Conclusão, a única herança positiva de todo este inclassificável dossier BPN - do qual o mínimo que se pode dizer é que o erário público acabou a custear os lucros privados de uns quantos cidadãos pertencentes ao inner circle de um certo poder - o único benefício dizia eu, foi ter caído do céu, nos braços do Estado, uma colecção de 85 obras de Joan Miró, algo que Portugal nunca imaginou algum dia poder almejar.

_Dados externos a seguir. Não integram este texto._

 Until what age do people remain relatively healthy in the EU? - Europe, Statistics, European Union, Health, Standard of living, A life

E que faz o Estado? Congratula-se com esta colecção e junta-a ao espólio dos museus portugueses, como o Museu do Chiado ou o Museu do Surrealismo em Famalicão? Transforma-a numa atracção turística de qualidade que nos aproxima de Nova Iorque, Paris, Madrid ou Barcelona com a oferta privilegiada de obras de Miró que ajudarão investigadores, curiosos, turistas, especialistas e público anónimo a compreender os caminhos da arte no século XX? Não. Decide vender em leilão internacional, antes sequer de mandatar a Direcção do Património Cultural para a inventariar e avaliar, e sem nunca a mostrar ao público português, num processo inédito de total opacidade que roça a clandestinidade deliberada.

Em Portugal não existe nenhum acervo de Miró ou de outro pintor deste período com magnitude e grandeza que se lhe compare, quer em valor artístico, quer em valor patrimonial. Infelizmente, da sua dupla dimensão material e imaterial, o governo apenas lhe reconhece o valor patrimonial, ignorando por completo o seu maior valor - aquele que perdura para além dos "mercados" e que continuará a perdurar muito depois de se ter apagado da memória e da História o rasto da passagem destes governantes (e dos seus ajudantes) pelo nosso triste país.

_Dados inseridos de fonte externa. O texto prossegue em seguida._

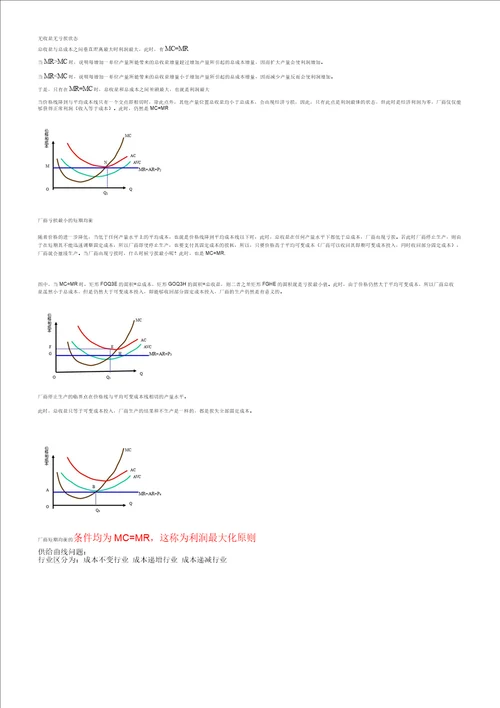 经济学基础笔记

Se Portugal vender a colecção, será aberto um precedente nunca antes visto: obras de arte, públicas, serão vendidas por decisão de contabilistas tecnocratas, sem que tenha havido qualquer avaliação técnica e artística sobre o valor cultural que representam para o País! Nem em Detroit, cidade em bancarrota, as intenções do gestor da dívida pública de vender parte da coleção do Detroit Institute of Arts Museum foram bem-sucedidas - o procurador-geral do Estado do Michigan, Bill Schuette, proibiu a sua venda e o Senado começou a preparar legislação que dará garantias jurídicas a esta decisão.

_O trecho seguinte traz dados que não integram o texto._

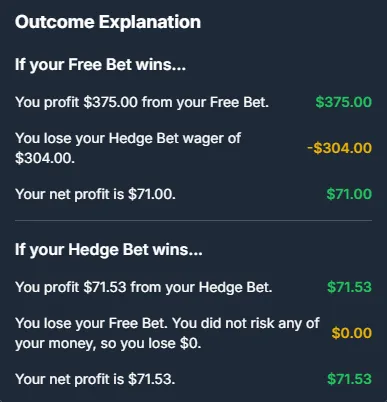 Promo converter tool bet slip outcome explanation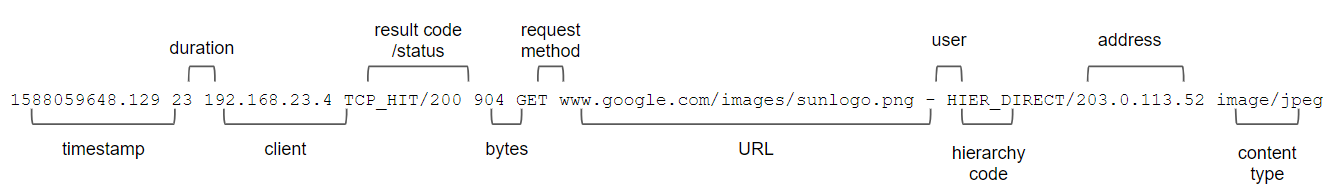 Squid 網路 Proxy 範例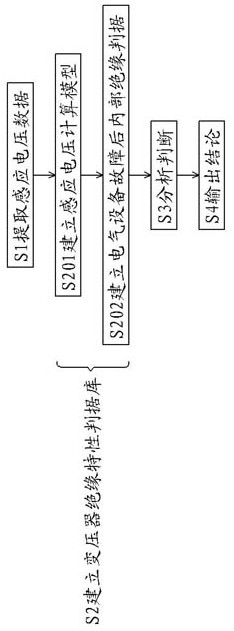 A method and device for quickly judging internal faults of electrical equipment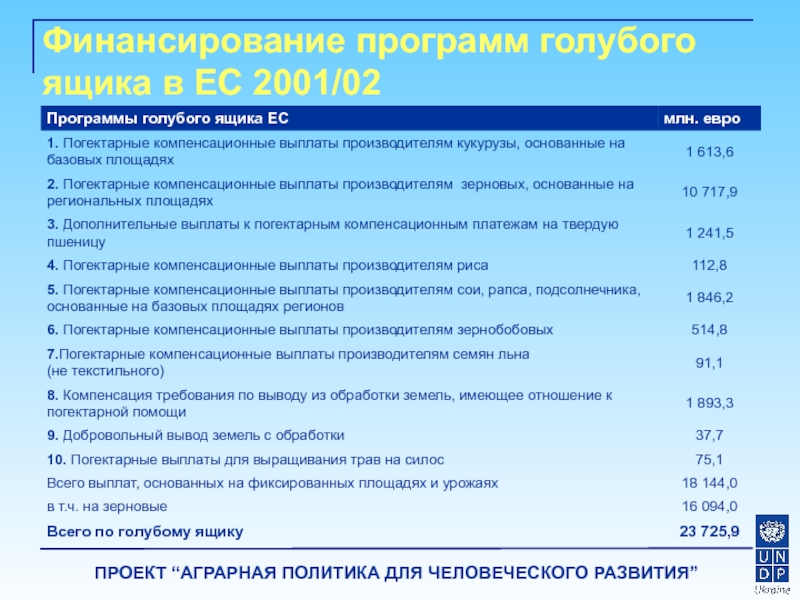 Программа голубое есть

Por cá, o secretário de Estado da Cultura exibe a sua irrelevância confirmando a falta de prioridade das artes neste governo e o primeiro-ministro, junto com o ex-administrador da Tecnoforma, actual presidente da Parvalorem, esquecem-se que, enquanto gestores da coisa pública, são meros "governantes de turno", não são donos, são apenas cuidadores temporários de algo que é dos portugueses de hoje e que deveria continuar a ser dos portugueses de amanhã.